ESTEPONA, Spain – With bruises and cuts showing through a big gash on the side of his shorts, Remco Evenepoel got back on his bicycle and quickly rejoined the peloton.
It was just a scare for the young Belgian rider, who overcame a fall with about 45 kilometers (28 miles) to go in Stage 12 of the Spanish Vuelta to keep his overall lead entering the second half of the final Grand Tour race of the year.
Olympic champion Richard Carapaz won the stage with a dominant run on the final climb to earn his first Vuelta victory. The rider from team Ineos Grenadiers hit the handlebar of his bicycle a couple of times to celebrate his fourth Grand Tour stage win.
The 2019 Giro d’Italia champion launched his attack with about two kilometers (1.2 miles) to go to become the first Ecuadorean to win a Vuelta stage.
“We had the focus now on trying to win a stage, and I’m really happy with that,” the 29-year-old Carapaz said. “I knew I had one move left and I made the most out of it. I’m very happy. I have to enjoy it.”
Wilco Kelderman was second at the end of the stage, nine seconds behind Carapaz, and Marc Soler was third, 24 seconds off the lead.
After changing his bicycle, Evenepoel complained to race officials about some of the motorbikes that were in front of him before he crashed.

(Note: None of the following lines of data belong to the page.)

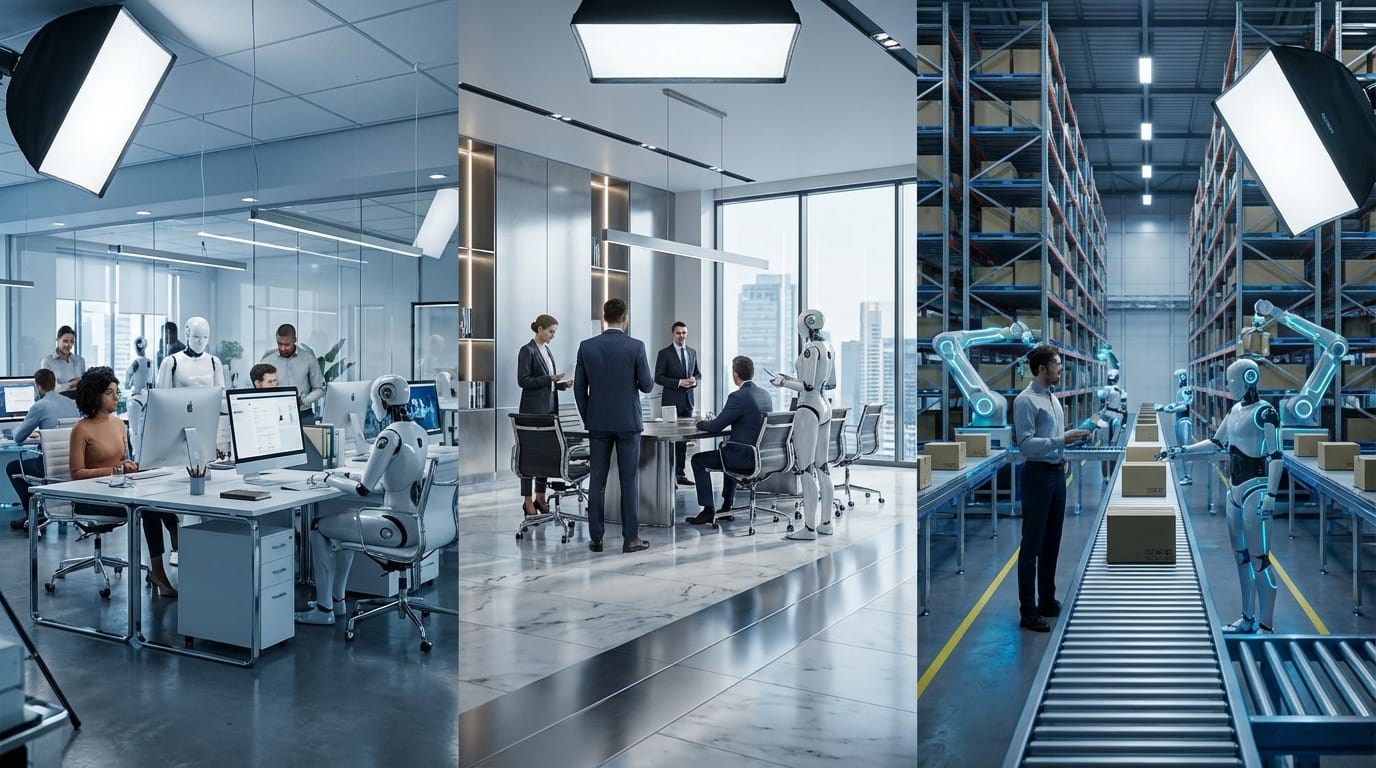AI agent platform deployed across three business environments: digital agency, B2B services, and e-commerce operations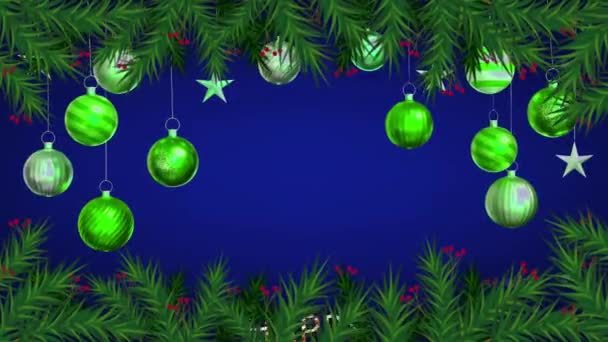 색깔의 배경으로 파란색으로 분리하여 크리스마스나 일정을 디자인 — 비디오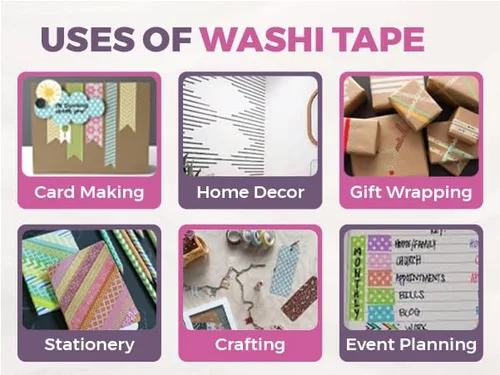 Vista 3 de Syntego 2 rollos de cinta Washi con purpurina decorativa para manualidades, autoadhesiva, 0.591 in x 16.4 ft (dorado)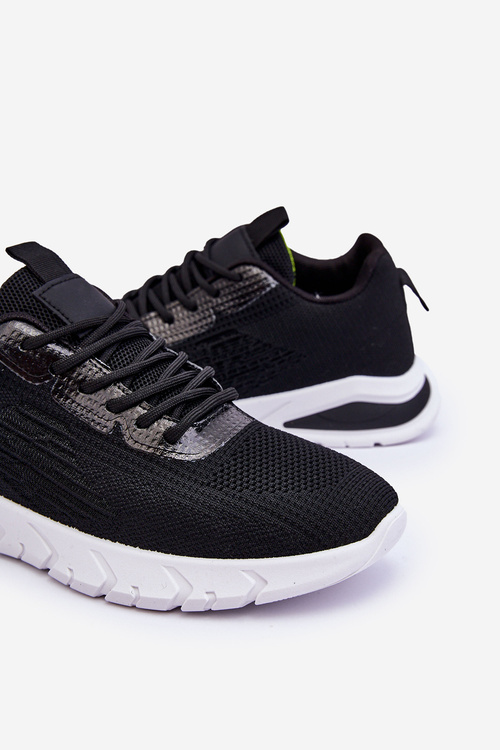 Pánske klasické čierne a biele športové topánky Santiago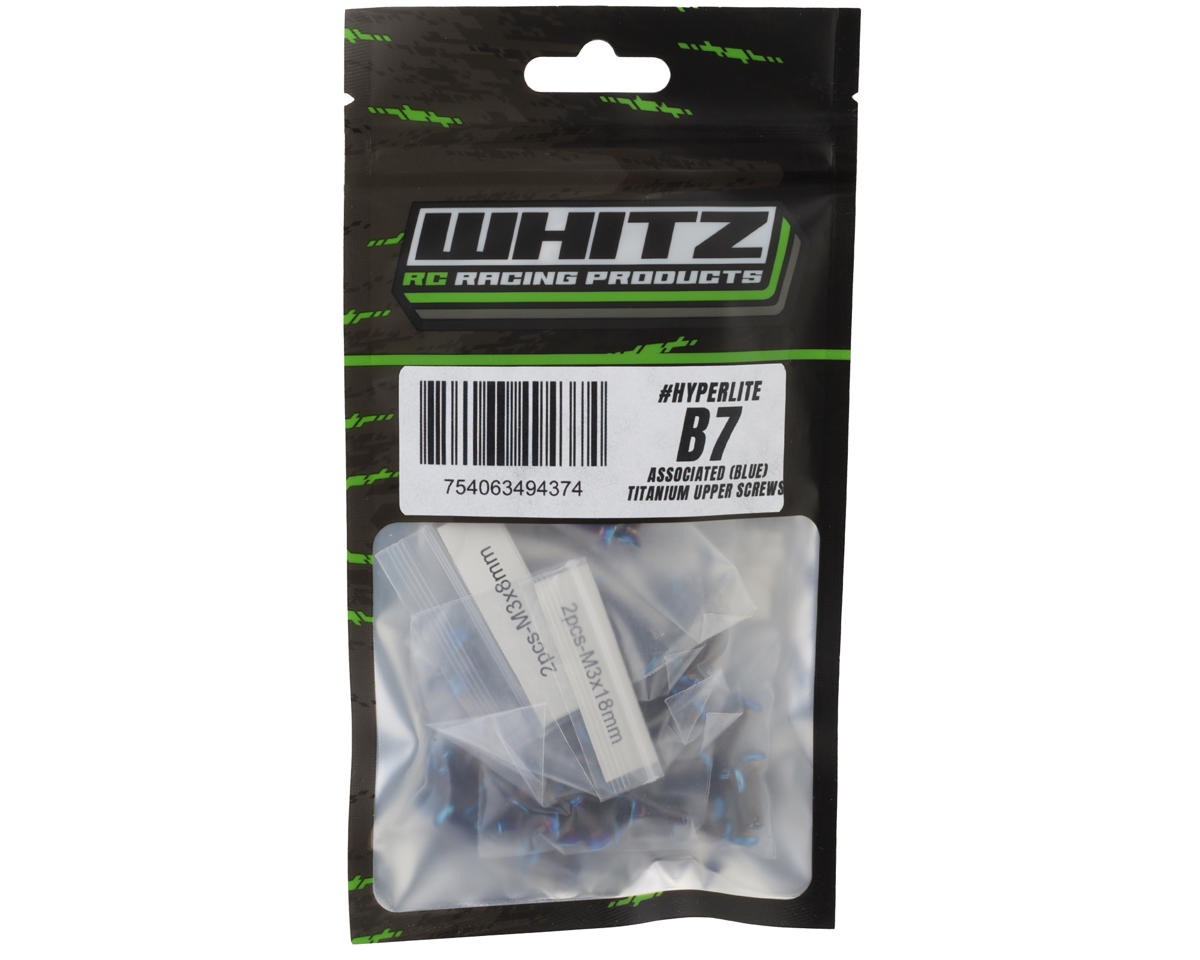 Whitz Racing Products AE B7/B7D HyperLite Titanium Deep Socket Upper Screw Kit (Blue)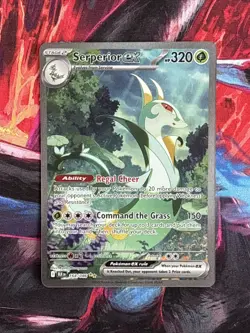 🔥Pokemon Serperior ex 164/086 Sv Black Bolt Holo Special Illustration Rare NM🔥 - Image 1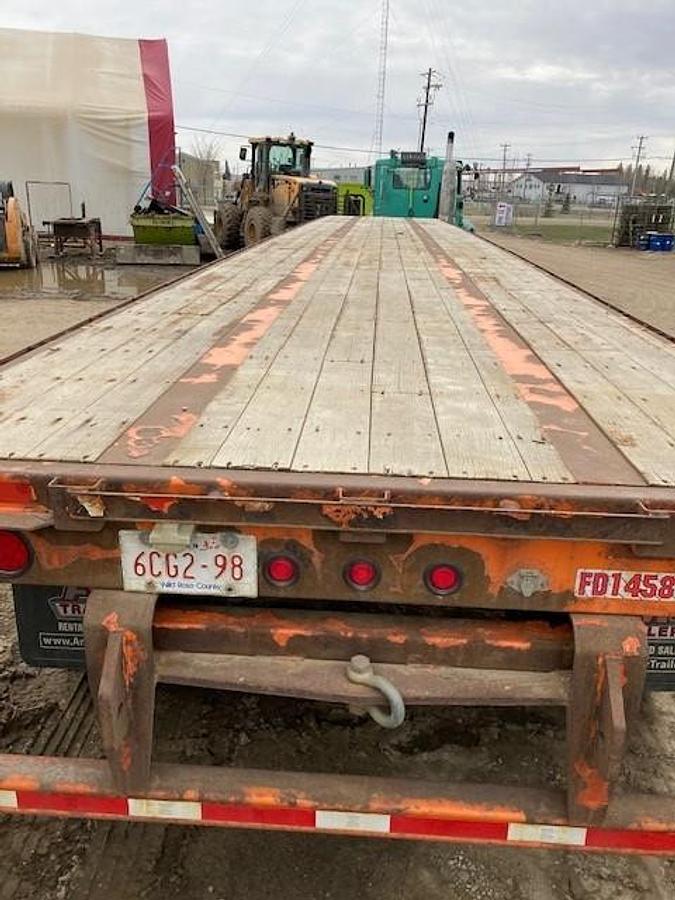Used 2012 Manac 53' Tridem Flat Deck/Highboy - #FD1458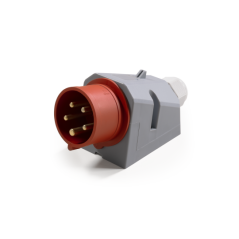 McPower CEE wandcontactdoos 16A 5-polig male | Soldeerbout-shop.nl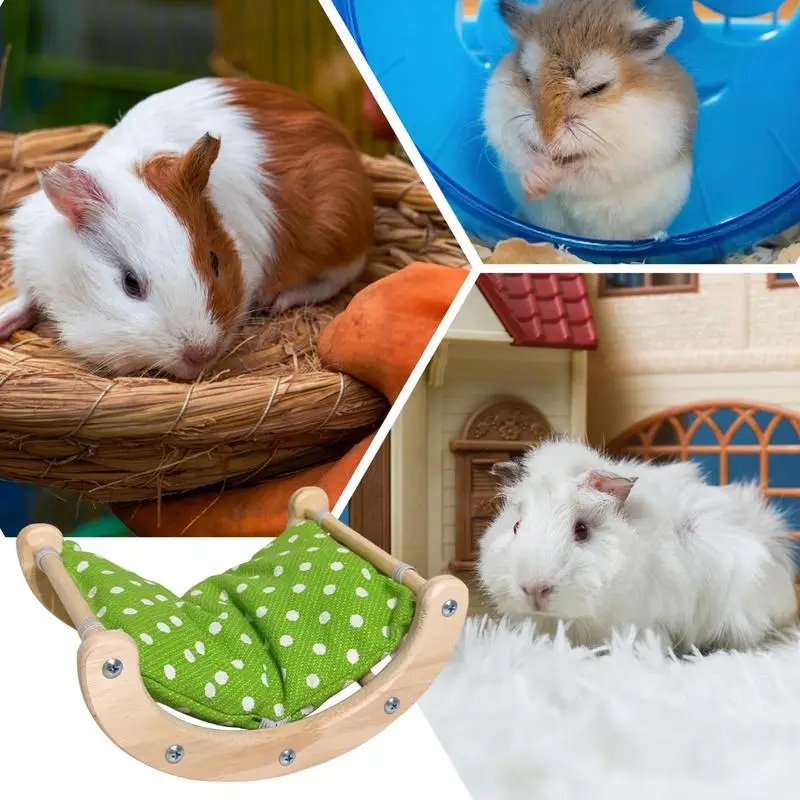 wooden Hamster rocking bed Play and sleep two in one Hamster Explore climb and play interactive Chairs Sturdy and durable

“It’s just my leg but it’s fine, I think. My bike is much worse than myself,” the 22-year-old rider from team Quick-Step Alpha Vinyl said after the race. “It was a super slippery corner. The motorbikes were slipping as well and slowing down so that’s why I wanted to cut the corner but it was a bit too much.”
Evenepoel showed no signs of being bothered by his right leg injury following the fall, and successfully fended off the breakaway attempts by his closest challenger, three-time defending champion Primoz Roglic.
“I felt good on the climb. I knew it was a climb to just follow and in the last hundreds of meters I just went all out because I felt I still had something left,” Evenepoel said. “It was a good feeling, that’s what’s important. Except for the crash, it was the scenario we wanted. Everybody was strong. Now I need to heal the wounds and try to recover tomorrow as it will be a sprint stage.”
Evenepoel maintained a lead of 2 minutes, 41 seconds over Roglic in the general classification, and was more than three minutes ahead of Enric Mas.
Evenepoel has held the leader’s red jersey since the sixth stage.
Riders will face a mostly flat Stage 13 from Ronda to Montilla in southern Spain.